= Encompass Trust =

Youth Development Organization
Encompass: The Daniel Braden Reconciliation Trust is a UK-registered charitable organisation involved in youth development.

== Organization ==

Encompass was set up following the death of Daniel Braden in the 2002 Bali Bombings by his family and girlfriend. Determined to make something good out of the tragedy, their decision attracted a lot of media attention for Encompass.

Encompass works with youths from the UK, US, Israel, the Palestinian Territories and Indonesia in an attempt to break down cultural barriers and promote mutual understanding between young people from these countries.

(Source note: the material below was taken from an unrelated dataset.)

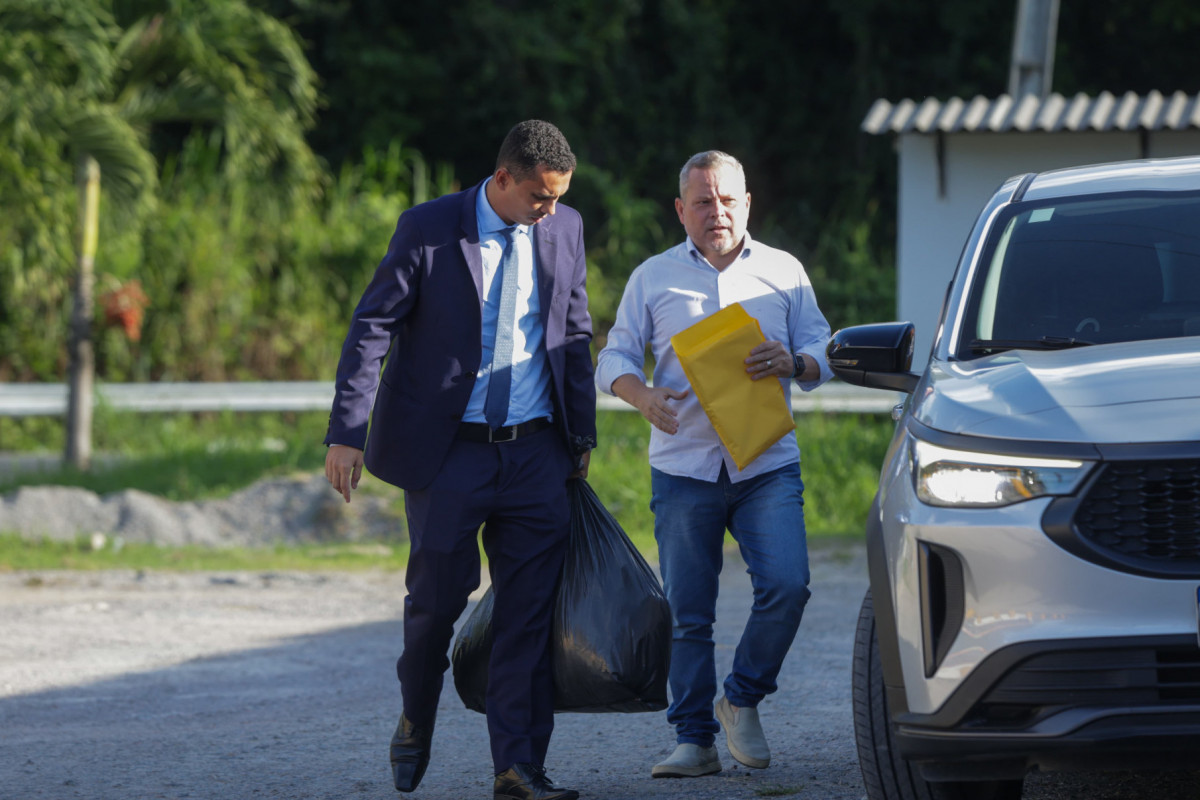 Advogados de Gilson Machado levaram itens pessoais, lençóis e travesseiros para o ex-ministro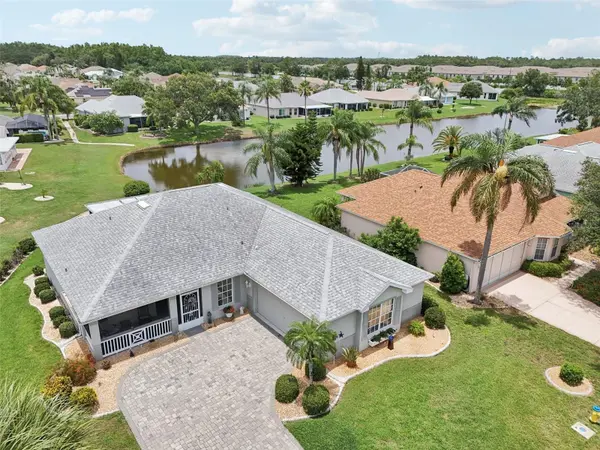 2306 EMERALD LAKE DR, Sun City Center, FL 33573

Encompass' work has been described as an important in tackling the problem of 'bringing together Israelis and Palestinians' and as having 'a key role to play in our post-9/11 world'.

== Partnerships ==
From 2005 until 2010 Encompass worked in partnership with the Outward Bound Trust UK, with the 'Journey of Understanding' taking place at an Outward Bound centre either in Scotland or Wales.

Since 2010, Encompass has been working with The Prince's Trust, with their Pembrokeshire Adventure Centre in Wales playing host to the 'Journey of Understanding' participants.

US participants come from the student body of Syracuse University, one of Encompass' Partners.

Encompass works with other groups and organisations with similar objectives, both in the UK and abroad. For instance the Berakah Project played at a recent fundraising music event, 'A Peace of Music', in July 2011. They have also worked with other charities including Freedom from Torture, with whom they put on a gig in May 2010, raising money for the two charities.